→ **Action item**
Your answer should hold only the lines from the one containing "2019 Jaguar F-PACE 25t" through the last line below, copied exactly; pictures stay out.

Collection entries:
+++

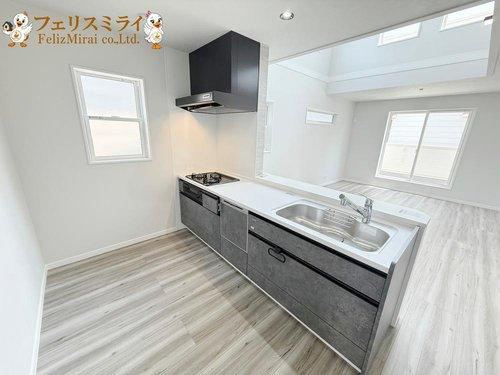 神戸市垂水区塩屋町５丁目　全１棟のキッチン|■現地写真■
広いスペースで調理も楽しくできます◎●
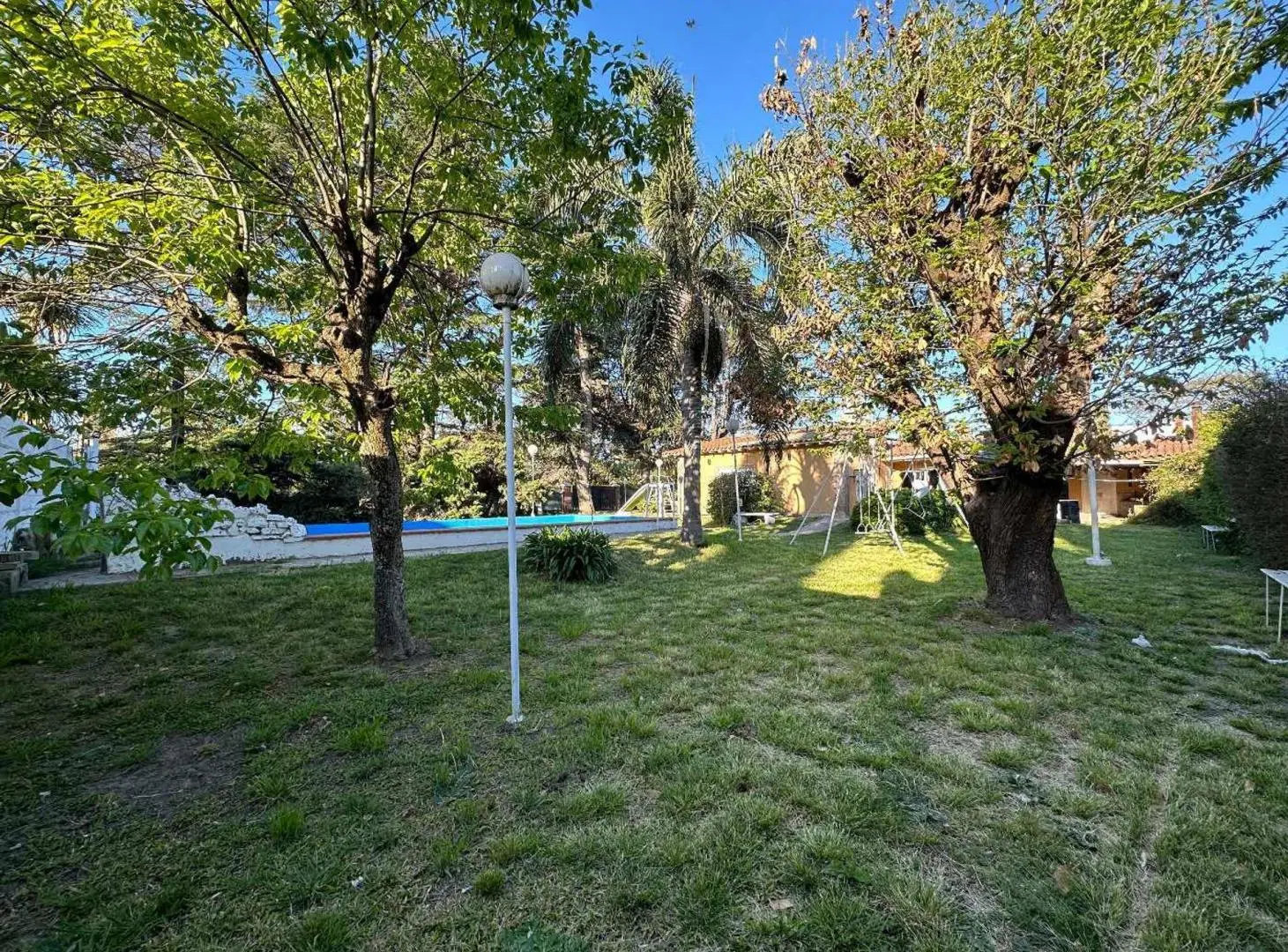 VENTA CASA QUINTA CON PARQUE Y PILETA EN MORENO 4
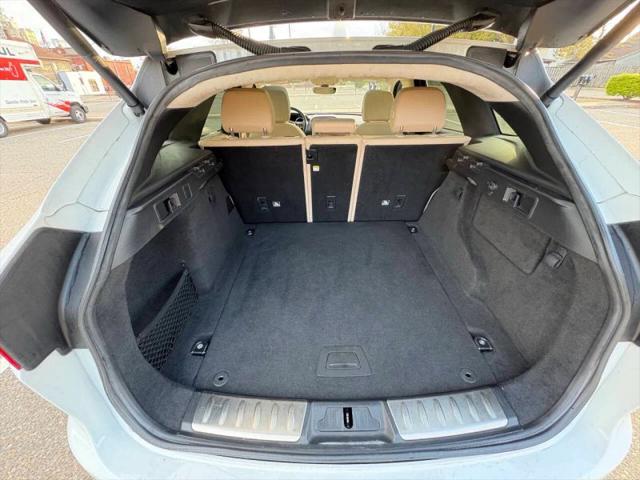 2019 Jaguar F-PACE 25t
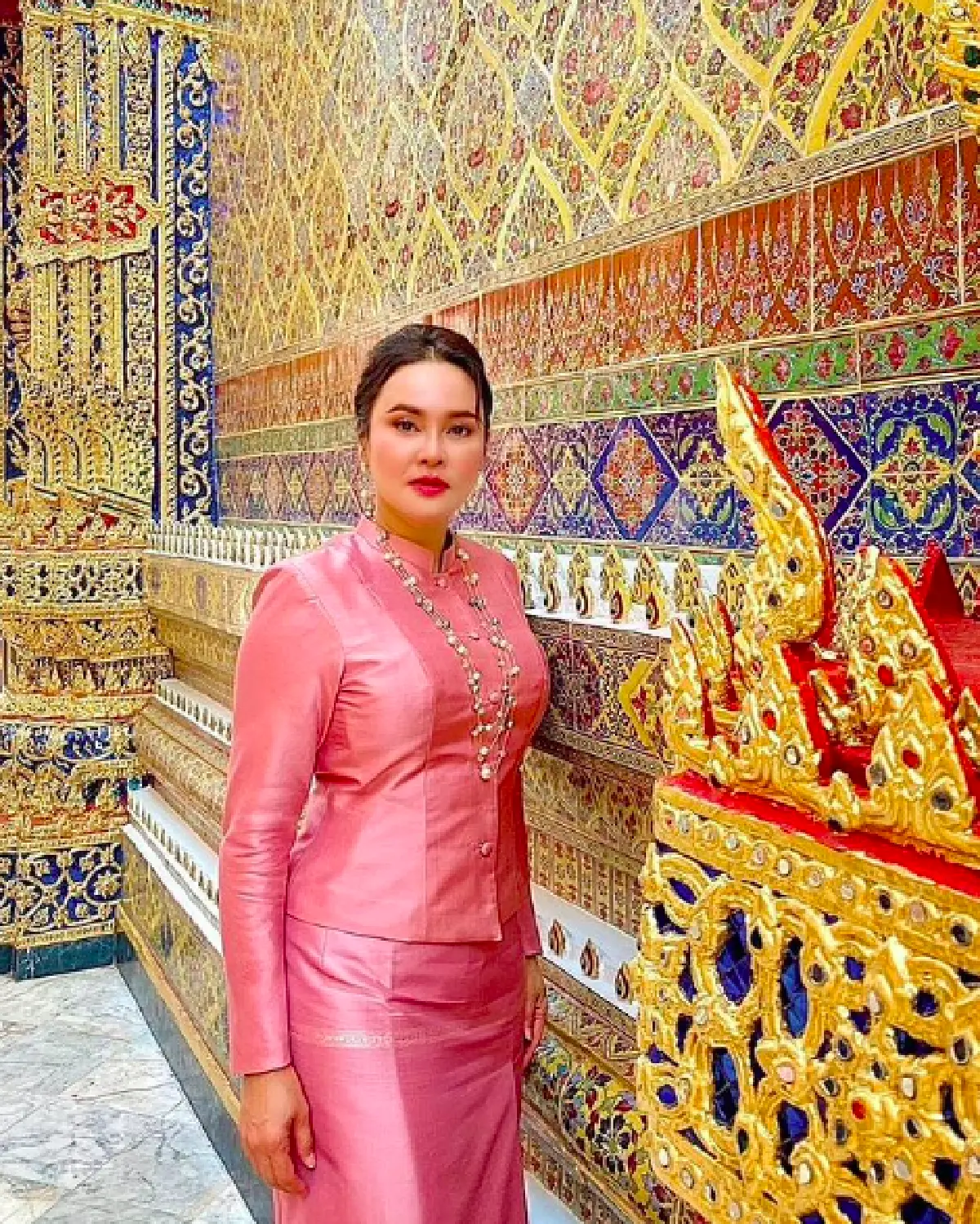 “ใหม่ เจริญปุระ” พร้อมครอบครัวสง่างามในชุดไทย ทำบุญวันเกิดอายุครบ 52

+++

→ **Task result**
 2019 Jaguar F-PACE 25t
 “ใหม่ เจริญปุระ” พร้อมครอบครัวสง่างามในชุดไทย ทำบุญวันเกิดอายุครบ 52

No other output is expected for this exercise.